|IG David Kimaiyo says all illegal immigrants must be deported to their countries of origin. [PHOTO: STANDARD]|
By CYRUS OMBATI
NAIROBI, KENYA: More than 200 more illegal aliens are to be deported after they were found to be in Kenya illegally in the ongoing security operation.
The government said 412 people will be repatriated to their designated refugee camps after they were found to have left there.
The refugees include 406 Somalis, two Ethiopians, one Congolese, two Ugandans and one Sudanese.
Of the 225 to be deported 214 are Somalis, six Ethiopians, two Ugandans, and one from Cameroon, Tanzania and South Sudan.
So far 82 Somalis have been deported to Mogadishu.
Inspector General of Police David Kimaiyo said 1,136 people from 14 different countries have been screened at the Kasarani Stadium since the Operation Usalama Watch started on April 1.
Of these, 313 including 127 Kenyans, 120 Somalis, 50 Ethiopians, two Rwandese, four Tanzanians, three Ugandans and one German and American were taken to court and charged with various offences.
Those screened were 247 Kenyans, 782 Somalis, 68 Ethiopians and 14 Tanzanians, five Rwandese, three Congolese and nine Ugandans.
“The government policy is that all illegal aliens must be deported to their countries of origin. In this regard, the process of deporting 225 people is ongoing,” said Kimaiyo in a statement read by his spokesman Masood Mwinyi.
The victims were arrested in the operation in Nairobi alone. Police arrested more than 5,000 but released some before taking others to Kasarani, which is a screening centre but has been gazetted as a police station.
He said the operation will continue and has so far spread to other parts of the country including Mombasa, Kisumu, Nakuru and Nyeri.
The police boss said lack of political support from some people has affected the operation but vowed to continue with it because it is aimed at making the country safer.
Most of those in custody were individuals who are in the country illegally without valid documents, those who were outside the precincts of legally gazetted areas and those who had unauthenticated documents.
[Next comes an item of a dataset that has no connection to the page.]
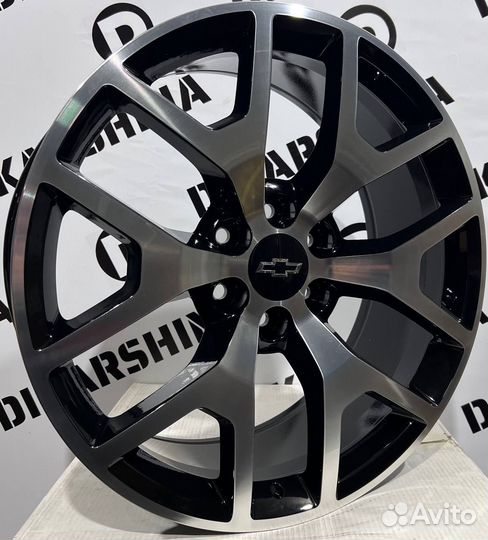 Диски на Шевроле Тахо chevrolet tahoe R22 6/139.7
Kimaiyo said they are paying attention to documents that the suspects produce to justify their nationality which include IDs, passports, visa and work permits and refugee cards which can be manipulated by unscrupulous people.
He said he is aware many illegal immigrants have moved from Nairobi to other towns but said their days are numbered.
Some officers involved in the operation complained their resources were getting overstretched.
“There is a crisis building because even our officers are getting tired. The government is yet to give resources like vehicles to enable the movement of these suspects,” said a senior officer aware of the operation.
Mwinyi said an additional 3,000 police officers who will graduate from the Administration Police Training College Thursday would be deployed in several areas including the city.
“We have boosted our operations ahead of the holidays and cannot say that there is a terror threat in the city” said Mwinyi.
The festivities will be held amid several security swoops in the city, which began two weeks ago in Eastleigh.
The Department of Refugee Affairs in Nairobi ordered all 600,000 refugees and asylum seekers to go back to their designated camps in Kakuma and Daadab.
The directive follows numerous cases of insecurity around the country and a major crackdown on suspected terrorists.